To do => Start at the line that contains "Buffalo at Blush". Repeat it and each line after it, exactly, up to and including the final line of the data.

Material provided =>
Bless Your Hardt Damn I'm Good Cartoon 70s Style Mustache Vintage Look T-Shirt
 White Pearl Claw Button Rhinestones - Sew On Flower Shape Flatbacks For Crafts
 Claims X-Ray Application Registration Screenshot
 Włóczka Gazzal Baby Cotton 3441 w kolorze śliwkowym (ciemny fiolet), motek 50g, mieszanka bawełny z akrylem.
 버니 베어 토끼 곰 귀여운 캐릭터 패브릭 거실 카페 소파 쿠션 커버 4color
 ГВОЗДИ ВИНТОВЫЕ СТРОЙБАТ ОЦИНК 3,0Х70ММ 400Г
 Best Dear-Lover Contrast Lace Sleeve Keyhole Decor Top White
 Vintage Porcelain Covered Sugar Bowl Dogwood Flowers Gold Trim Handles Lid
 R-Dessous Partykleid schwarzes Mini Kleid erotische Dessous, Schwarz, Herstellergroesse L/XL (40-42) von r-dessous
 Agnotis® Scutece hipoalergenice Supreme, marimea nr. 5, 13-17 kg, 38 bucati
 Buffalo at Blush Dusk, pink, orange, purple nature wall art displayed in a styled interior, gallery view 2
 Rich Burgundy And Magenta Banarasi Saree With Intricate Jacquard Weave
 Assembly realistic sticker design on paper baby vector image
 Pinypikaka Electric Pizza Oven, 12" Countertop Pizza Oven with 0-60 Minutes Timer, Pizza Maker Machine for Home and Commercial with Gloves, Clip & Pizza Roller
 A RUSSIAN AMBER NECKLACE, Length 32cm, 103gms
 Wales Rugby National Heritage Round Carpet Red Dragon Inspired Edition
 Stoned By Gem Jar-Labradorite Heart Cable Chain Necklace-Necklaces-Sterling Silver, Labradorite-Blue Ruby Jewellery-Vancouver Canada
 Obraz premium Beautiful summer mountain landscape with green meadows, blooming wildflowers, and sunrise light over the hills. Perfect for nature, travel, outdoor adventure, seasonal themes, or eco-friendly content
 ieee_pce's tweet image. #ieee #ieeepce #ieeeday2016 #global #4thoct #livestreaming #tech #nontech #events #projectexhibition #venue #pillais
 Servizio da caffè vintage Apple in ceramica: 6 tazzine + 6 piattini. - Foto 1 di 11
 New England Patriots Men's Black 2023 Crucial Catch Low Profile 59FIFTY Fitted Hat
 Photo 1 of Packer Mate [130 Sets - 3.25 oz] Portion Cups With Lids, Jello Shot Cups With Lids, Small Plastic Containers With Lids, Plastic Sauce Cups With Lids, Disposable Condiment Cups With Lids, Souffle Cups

Response area =>
 Buffalo at Blush Dusk, pink, orange, purple nature wall art displayed in a styled interior, gallery view 2
 Rich Burgundy And Magenta Banarasi Saree With Intricate Jacquard Weave
 Assembly realistic sticker design on paper baby vector image
 Pinypikaka Electric Pizza Oven, 12" Countertop Pizza Oven with 0-60 Minutes Timer, Pizza Maker Machine for Home and Commercial with Gloves, Clip & Pizza Roller
 A RUSSIAN AMBER NECKLACE, Length 32cm, 103gms
 Wales Rugby National Heritage Round Carpet Red Dragon Inspired Edition
 Stoned By Gem Jar-Labradorite Heart Cable Chain Necklace-Necklaces-Sterling Silver, Labradorite-Blue Ruby Jewellery-Vancouver Canada
 Obraz premium Beautiful summer mountain landscape with green meadows, blooming wildflowers, and sunrise light over the hills. Perfect for nature, travel, outdoor adventure, seasonal themes, or eco-friendly content
 ieee_pce's tweet image. #ieee #ieeepce #ieeeday2016 #global #4thoct #livestreaming #tech #nontech #events #projectexhibition #venue #pillais
 Servizio da caffè vintage Apple in ceramica: 6 tazzine + 6 piattini. - Foto 1 di 11
 New England Patriots Men's Black 2023 Crucial Catch Low Profile 59FIFTY Fitted Hat
 Photo 1 of Packer Mate [130 Sets - 3.25 oz] Portion Cups With Lids, Jello Shot Cups With Lids, Small Plastic Containers With Lids, Plastic Sauce Cups With Lids, Disposable Condiment Cups With Lids, Souffle Cups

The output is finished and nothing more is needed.